I disagree. Going by the definitions, if something is fictional it means it has been created and only exists in the mind (i.e. it is not real), so in order to fictionalise a piece of fiction you are literally taking a piece of fiction and making more fiction out of the previous fiction. By doing so you could move either back towards reality or even further from it.


----------



## Xue Sheng (Jan 22, 2018)

Midnight-shadow said:


> I disagree. Going by the definitions, if something is fictional it means it has been created and only exists in the mind (i.e. it is not real), so in order to fictionalise a piece of fiction you are literally taking a piece of fiction and making more fiction out of the previous fiction. By doing so you could move either back towards reality or even further from it.



You have spent way to much time thinking about this....haven't you


----------



## CB Jones (Jan 22, 2018)

Midnight-shadow said:


> I disagree. Going by the definitions, if something is fictional it means it has been created and only exists in the mind (i.e. it is not real), so in order to fictionalise a piece of fiction you are literally taking a piece of fiction and making more fiction out of the previous fiction. By doing so you could move either back towards reality or even further from it.



Pretty sure that's how you enter.......The Twilight Zone......bum, bum, bummmmmmmm


----------



## Midnight-shadow (Jan 22, 2018)

Xue Sheng said:


> You have spent way to much time thinking about this....haven't you



You have no idea, and I have the headache to show for it haha


----------



## jks9199 (Jan 22, 2018)

MA_Student said:


> Hello grandmaster I hereby challenge you to a death match in the Kunmite bare fist let us see who the true champion is....lol


Recognizing this is a joke -- let's not forget that challenge posts are forbidden by The Rules here at MartialTalk.


----------



## Saheim (Jan 22, 2018)

Midnight-shadow said:


> I disagree. Going by the definitions, if something is fictional it means it has been created and only exists in the mind (i.e. it is not real), so in order to fictionalise a piece of fiction you are literally taking a piece of fiction and making more fiction out of the previous fiction. By doing so you could move either back towards reality or even further from it.



Exactly! Like adding to negative numbers does not give you a positive total.


----------



## Xue Sheng (Jan 22, 2018)

Saheim said:


> Exactly! Like adding to negative numbers does not give you a positive total.

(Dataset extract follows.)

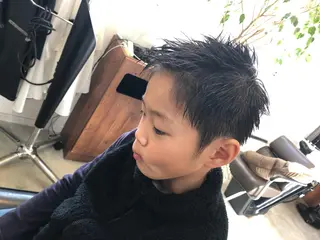 ショート キッズ 山口 晃也のヘアスタイル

But it will positively give you a number


----------



## MA_Student (Jan 22, 2018)

jks9199 said:


> Recognizing this is a joke -- let's not forget that challenge posts are forbidden by The Rules here at MartialTalk.

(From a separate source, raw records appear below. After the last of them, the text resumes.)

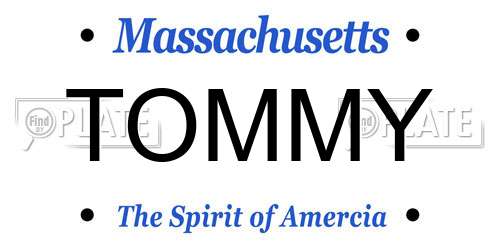TOMMY Massachusetts License Plate
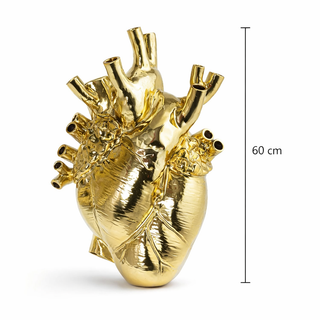 Vaso "Love in Bloom Gold" Seletti h.60 cm.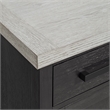 Picket House Furnishings Edge Server in Light Grey and Espresso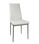 Pack de 4 sillas Md-Galera tapizadas en tejido PU blanco, 93cm(alto) 43cm(ancho) - 1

Of course it's a joke and of course I don't plan to fight anyone on here and if @Frank Dux sees this then I meant no offence or disrespect and of course don't want to fight anyone it was a comment made in jest when I just woke up and if there's any offence taken i apologise


----------



## _Simon_ (Jan 22, 2018)

jks9199 said:


> Recognizing this is a joke -- let's not forget that challenge posts are forbidden by The Rules here at MartialTalk.





MA_Student said:


> Of course it's a joke and of course I don't plan to fight anyone on here and if @Frank Dux sees this then I meant no offence or disrespect and of course don't want to fight anyone it was a comment made in jest when I just woke up and if there's any offence taken i apologise


Ahh.. I'd already sold tickets to it...

XD


----------



## CB Jones (Jan 22, 2018)

_Simon_ said:


> Ahh.. I'd already sold tickets to it...
> 
> XD



And I am already taking wagers.....


----------



## JR 137 (Jan 23, 2018)

CB Jones said:


> And I am already taking wagers.....


I bet on Chung Lee.  Lost some cash last time.  Hopefully this time he’ll get his revenge.


----------



## MA_Student (Jan 23, 2018)

JR 137 said:


> I bet on Chung Lee.  Lost some cash last time.  Hopefully this time he’ll get his revenge.


My money's on boyka lol


----------



## CB Jones (Jan 23, 2018)

No.  I’m taking bets on MA student v. Dux 

Dux. -145
MA student +160


----------



## Balrog (Jan 23, 2018)

I can't believe I read this entire thread.  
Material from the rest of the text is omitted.